Put another way, it is only when one uses art (in any of its many particular forms) either to express something important that has not been said before, or to offer a new insight into something that is well known or often expressed before, that art has any purpose.
At least that is what these lines of Bob say to me. It is not that the restless hungry feeling that civilisation or society or politics or whatever has gone wrong that is unhelpful. What is unhelpful is that we can all of us end up saying the same thing. That situation means all of us are just going round and round in circles, never exploring new possibilities and options. Everything, including life itself, drifts into becoming a cliché.
In a very real way this can be seen as a criticism of Bob’s own writing by Bob himself in 1973/4. A feeling that the writing is irrelevant if it is doing nothing more than repeatedly saying the same thing in a slightly different way. And according to Heylin this was the feeling that Bob very much had, to the extent that (in the words of Jerry Garcia to Rolling Stone) “he wants to get out of the music world.”
Now I have expressed my view a few times here that creative people are different from those who work in non-creative fields because the creative world lacks clear instruction manuals. You can learn how to be a physicist or a house decorator, and your work can be measured against established yardsticks. But being a creative artist is quite different – it is hard to establish how creativity can be taught or learned, and it is equally hard to establish rules by which creative endeavours can be measured. (Indeed when researching the subject at Nottingham University I recall several of us ending up with the view that the only way one could help students to be more creative in their work was to tell them to be more creative.)
As we can see from the recordings and all that has been written, Bob, in the early 1970s was very conscious of his creativity. If he had been an accountant or a bricklayer he could have been shown where he was making mistakes and could have been shown how to overcome the mistakes. Had he failed to learn how to stop making mistakes he would have lost his job, and that would be that.

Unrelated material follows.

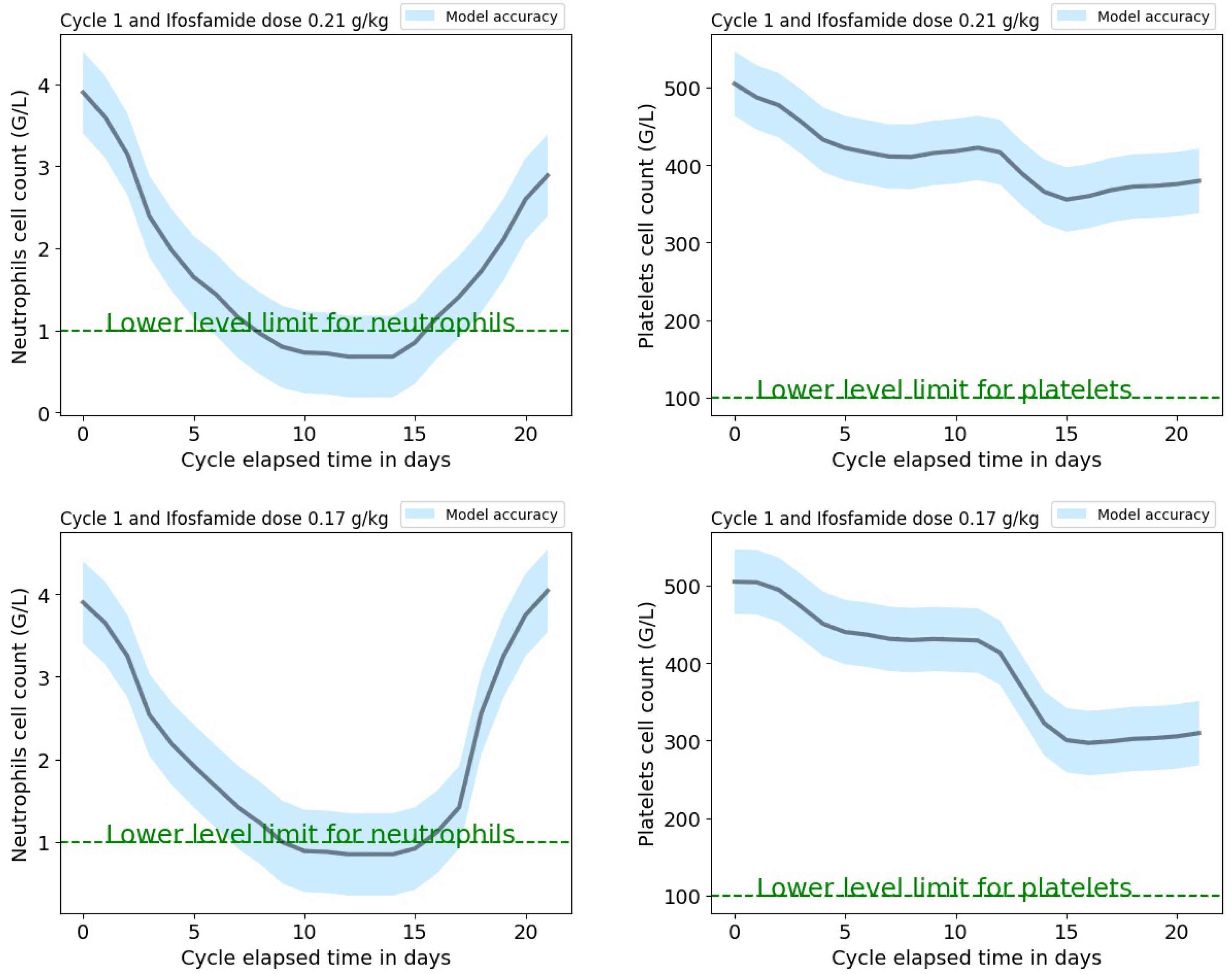 Cancers 12 01944 g004 550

But there are no re-training courses for creative artists, who have lost their creative spark simply because none of us quite knows where creativity comes from or why many highly creative artists can suddenly lose it. (We might think perhaps of the notoriously difficulties face by many talented musicians in terms of their second album: they threw all their creative ideas into the first album, and then, there’s not much more forthcoming).
As a result of this simple fact of life Bob was lost in the early 1970s, and as I’ve pointed out previously his creativity level dropped. He couldn’t write much that he was satisfied with, he didn’t know how to recapture his earlier productivity, and he had no one to turn to, Iin order to find the answer.

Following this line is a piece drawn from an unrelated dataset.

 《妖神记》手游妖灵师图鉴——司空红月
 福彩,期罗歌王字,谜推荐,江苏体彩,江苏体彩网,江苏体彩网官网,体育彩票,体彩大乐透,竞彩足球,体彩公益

Thus as Heylin points out, Bob felt the need during this low period in his creativity, to “get away”. Now that is not an unusual feeling among highly creative people who find that their ability to create in a way that satisfies them, has gone walkabouts. Some simply stop, some travel, some take to drink, some just go through the old routine hoping the old spark will be rekindled, some have marriage breakdowns, but very few highly creative people actually talk much about this – for the simple reason they don’t understand why the spark has gone, or indeed what the “spark” was in the first place.
To get this in perspective, take 1962 – the year in which Dylan wrote at least 36 songs including “Don’t think twice” and “Hard Rain”. I am utterly certain that he, like other massively talented artists, didn’t have a plan as to what he was writing or how he was writing – it just happened. And then take 1968, when it all stopped. True the creativity picked up again, but then in 1971 it left him once moren – and because there was no one out there who could tell Bob how to get his creative spark going again, it stayed stopped.
In fact it wasn’t until 1973, that compositions like “Wedding Song”, “Dirge”, “Heaven’s Door” etc appeared (and I should add, I am talking about songs in regards to their originality of style and approach, not a case of whether one likes them or not). And with these songs, we can see a return of originality and exploration. In short, creativity.
And it seems that for Dylan, just like every other creative artist who hits a brick wall, he really had to wait for things to get moving again. Now I know in my own very modest way as a writer of a fair number of books, I’ve had that too. Not that I was in any way famous, but it’s how I earned my living, and so the occasional drop in the ability to find new things to write about in a way that people would find interesting just stopped, was if nothing else, financially painful. It was also enormously frustrating, and I suspect I took out my discontent on those I loved most, which was pretty appalling.
Yet I needed to keep writing because I had to pay the mortgage and the school fees. Bob however could afford to stop, but still, the sense that he used to be able to create brilliant new songs at the drop of a hat, seems to have gnawed at him. Yet Heylin, seeming to miss the point completely, quotes Jerry Garcia as explaining the situation by saying, “He’s in a house now with five kids in it. He has not time to write, no solitude.” And maybe that was true, but mostly I think whether one is one of the greatest creative artists of all time, or a jobbing writer (as I have always seen myself) when “writer’s block” hits, it hits. And you just have to wait, and meanwhile, try something new.
So Bob explored making a film. And (because this is what happens during periods of writer’s block), he started to re-evaluate and in effect downgrade his previous work. Heylin quotes Bob as saying of Knocking on Heaven’s Door, “Everybody loved it. It was shit. That was the end for me.”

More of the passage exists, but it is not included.